Ricardo Mazalan / AP / File
Argentina's Sergio Aguero (16) scored his first goal as Brazil's Renan, left, and Marcelo defend during a men's soccer semifinal game at the Beijing 2008 Olympics. Of the 90 matchups between the two titans, each country has 23 wins, 23 losses, and 33 ties. Both teams will be looking to end the tie when they face off in Qatar on Nov. 17.

Bitter football enemies Argentina and Brazil (combined 7-time World Champions) square-off yet again in a friendly next Wednesday. The match is in (of all places) Doha – since the match coincides with the final evaluation of Qatar’s ‘no expense spared’ 2022 FIFA World Cup bid, it is hard to imagine the reasons for the choice of location are anything other than economic! It will be the 90th all-time meeting between the two giants of South America, with the previous 89 failing to separate them, at 33 wins apiece and 23 draws (Argentina are ahead slightly on goals scored, 143-137), though Brazil have had the better of the results in recent times. The game will also be a useful tune-up for both sides ahead of next year’s Copa América, hosted on this occasion by the Argentines.

Owing to my girlfriend being from Buenos Aires, one’s loyalties in this game are cast clearly in favor of La Albiceleste. However, I have recently been working on testing an old myth that it is unwise tactically to score too early in the game when playing against Brazil. The underlying intuition here is that doing so merely makes the Brazilian players angry (waking the sleeping giant), giving them extra incentive to attack and score freely thereafter as a ‘lesson’ to the opposition. This is not a frivolous applied microeconomic exercise, as it provides further evidence about the choice of timing of effort exertion by an underdog in a finite-length bilateral (but asymmetric) industry contest against a more favoured opponent, drawing upon inspiration from Avinash Dixit’s seminal 1987 piece in American Economic Review.

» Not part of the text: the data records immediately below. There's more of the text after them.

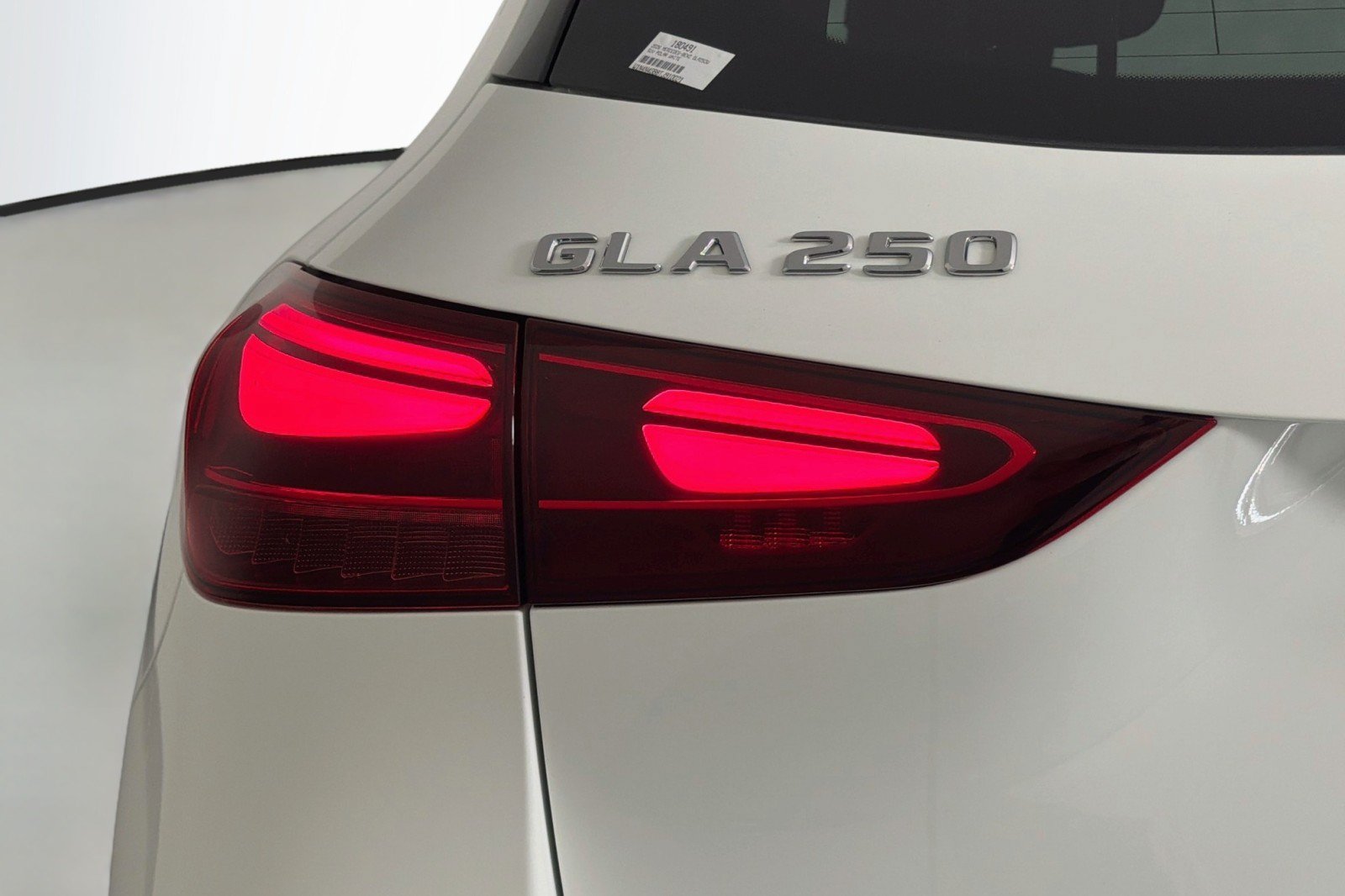 New 2026 Mercedes-Benz GLA 250 image 16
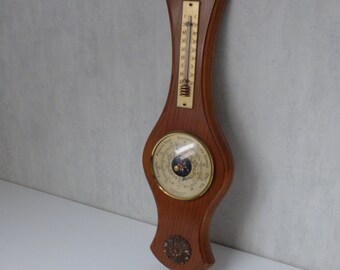 Barometer Vintage wooden thermometer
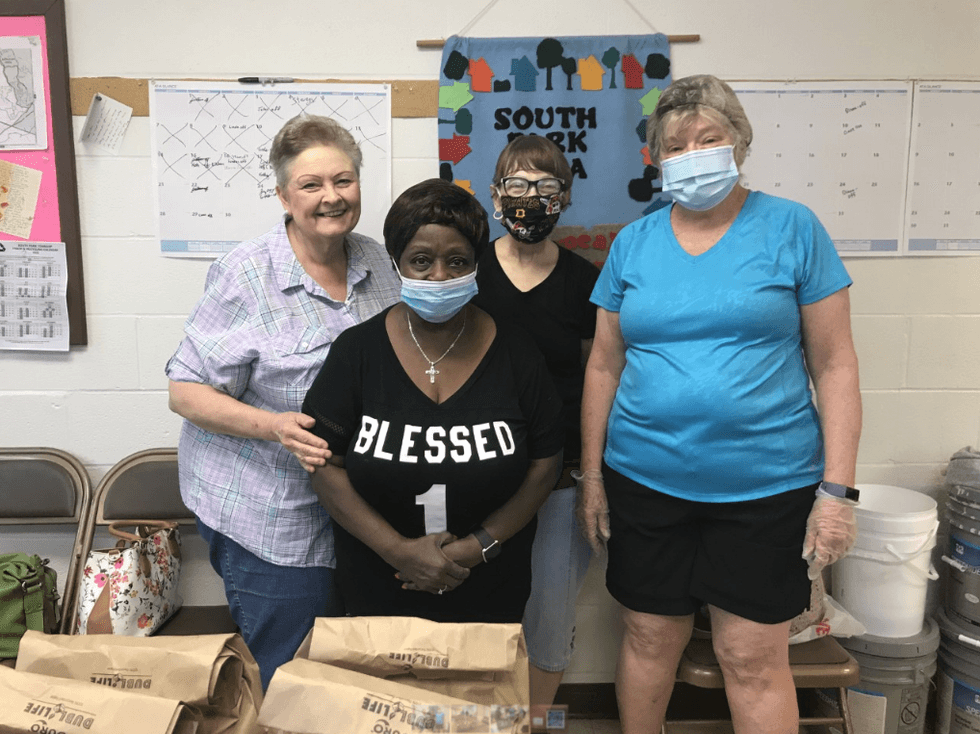Pam Mason (L) leads 300 South Hills Meals on Wheels volunteers who serve over 100 clients, one of the largest independent programs in the area.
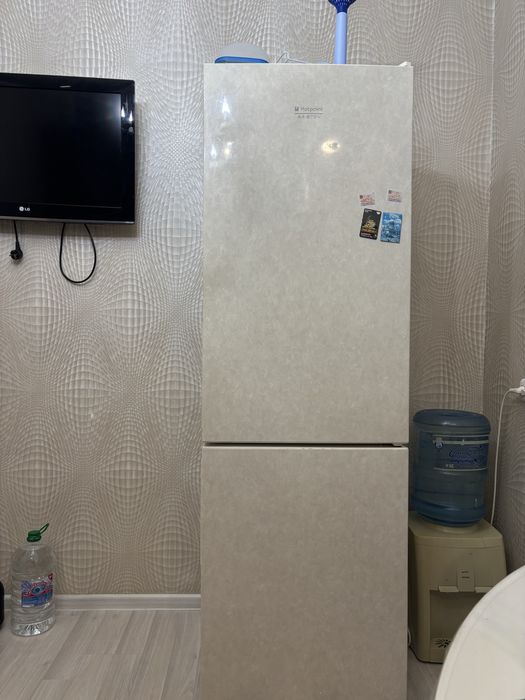 Продам холодильник Hotpoint Ariston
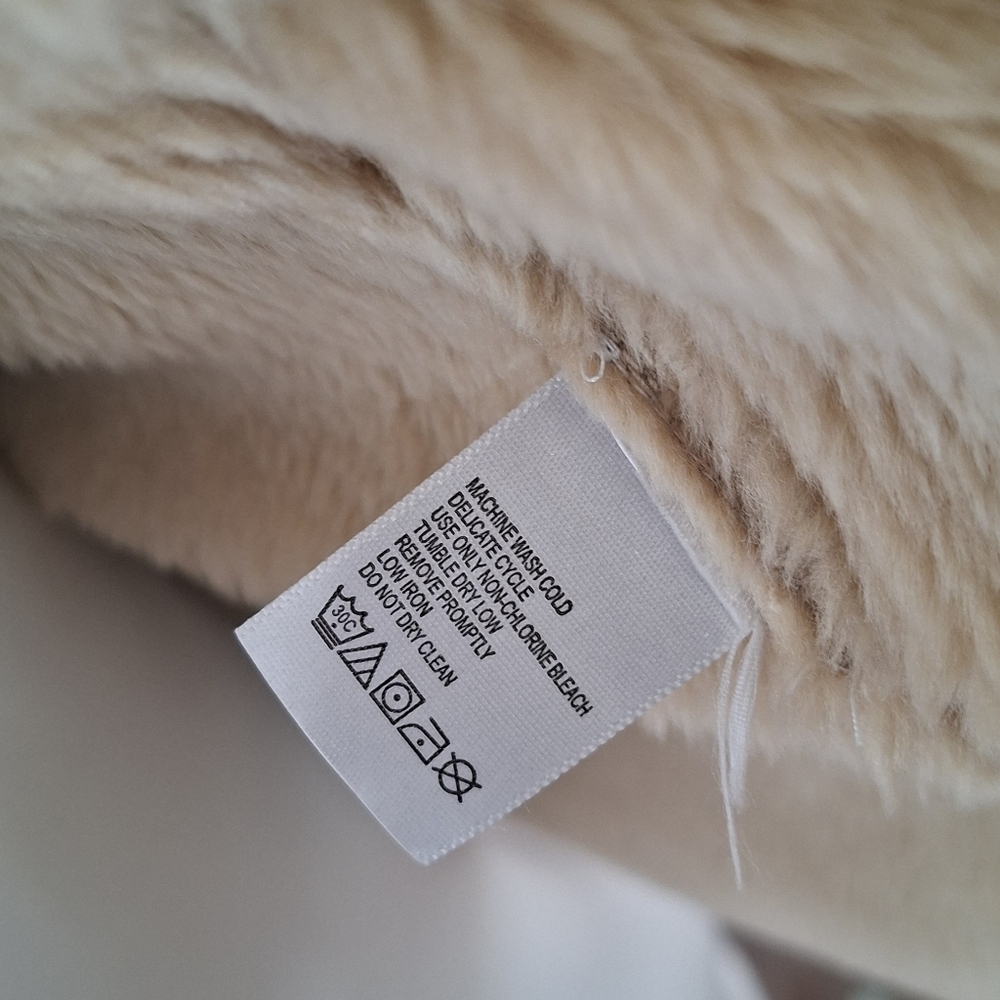 Elegant Vegan Cream Women's Coat Faux Fur & Faux Suede - Picture 12 of 13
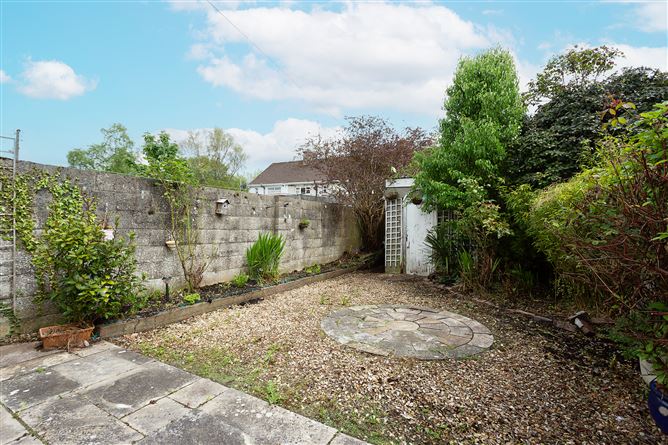 9 Ratra Park, Navan Road,   Dublin 7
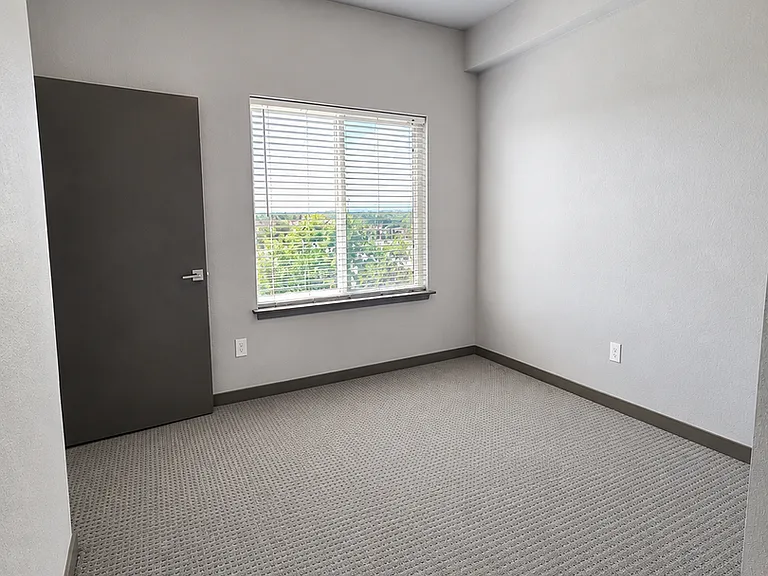 Recent Construction, Premier Finishes, Wonderful Rates! Enclave Apartments — Photo 34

Despite an ardent belief that this myth is well-known to many fans of the game (at least in the Anglo-sphere), finding hard-source material validating it is proving more difficult than imagined. The only successes thus far are a quote in the 2000 autobiography by former Liverpool and Scotland centre-back Alan Hansen, as well as an old video of an SBS1 TV (Australia) telecast of a 1997 Confederations Cup group-stage match, where the English commentator states it explicitly.

If anyone knows off-hand of any citeable source on this one, please share with TSE readers via the comment section above. For the record, using data from 267 full ‘A’ internationals involving the Seleção between 1993 and 2010, the myth is found to be, in the words of Adam Savage and Jamie Hyneman: ‘totally busted’!